▶ _About this task_
Nothing but the lines from the one with "Santorini Oia Blue" down to the one with "Kids Girls Boys" should be returned, exactly and with both ends included, from the material below.

▶ _Records for processing_
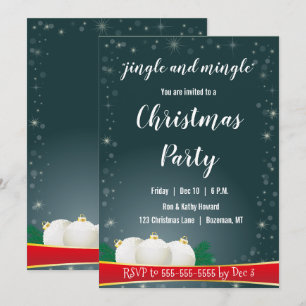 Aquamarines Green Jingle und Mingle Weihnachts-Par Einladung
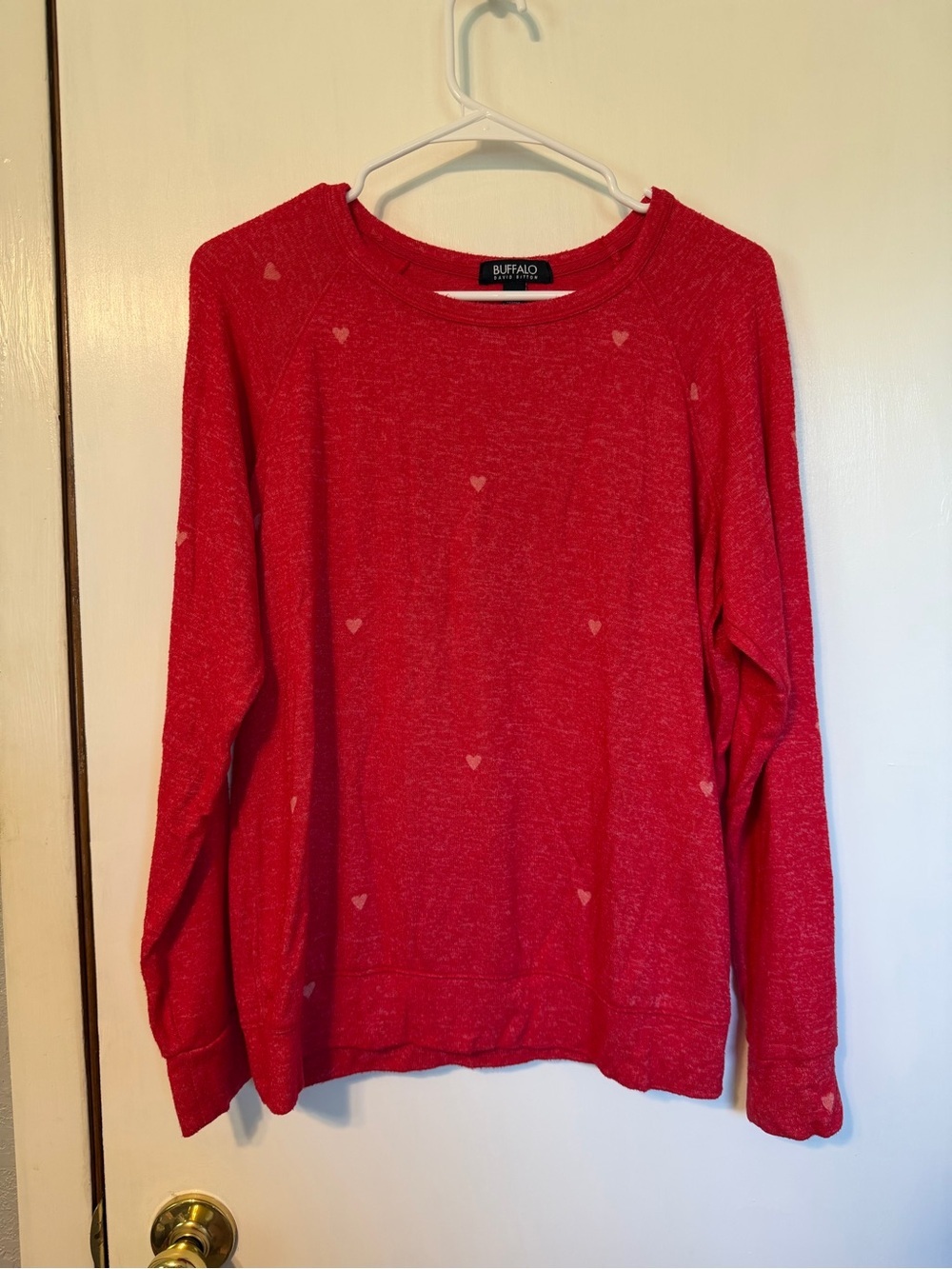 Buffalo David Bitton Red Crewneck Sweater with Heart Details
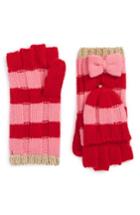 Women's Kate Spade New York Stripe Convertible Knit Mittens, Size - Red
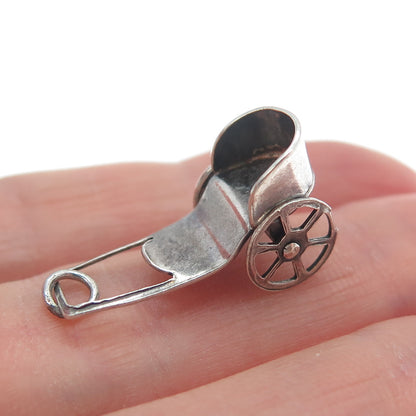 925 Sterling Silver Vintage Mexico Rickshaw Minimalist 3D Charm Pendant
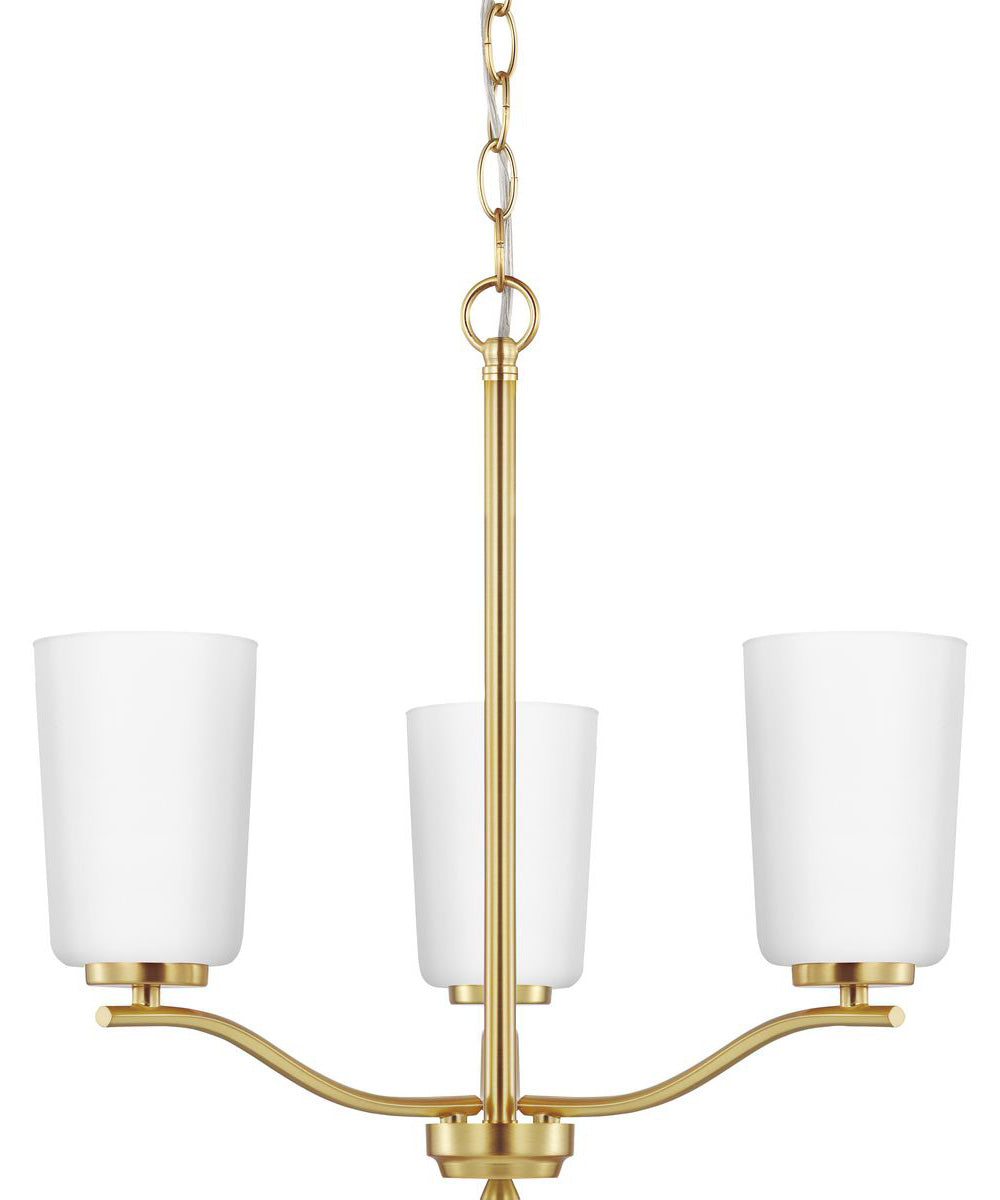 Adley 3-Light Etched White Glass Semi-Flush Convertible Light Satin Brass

---

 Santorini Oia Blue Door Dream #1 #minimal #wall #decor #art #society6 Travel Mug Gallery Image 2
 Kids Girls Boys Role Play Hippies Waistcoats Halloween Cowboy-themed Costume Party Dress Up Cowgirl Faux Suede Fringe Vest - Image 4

▶ _Task answer_
 Santorini Oia Blue Door Dream #1 #minimal #wall #decor #art #society6 Travel Mug Gallery Image 2
 Kids Girls Boys Role Play Hippies Waistcoats Halloween Cowboy-themed Costume Party Dress Up Cowgirl Faux Suede Fringe Vest - Image 4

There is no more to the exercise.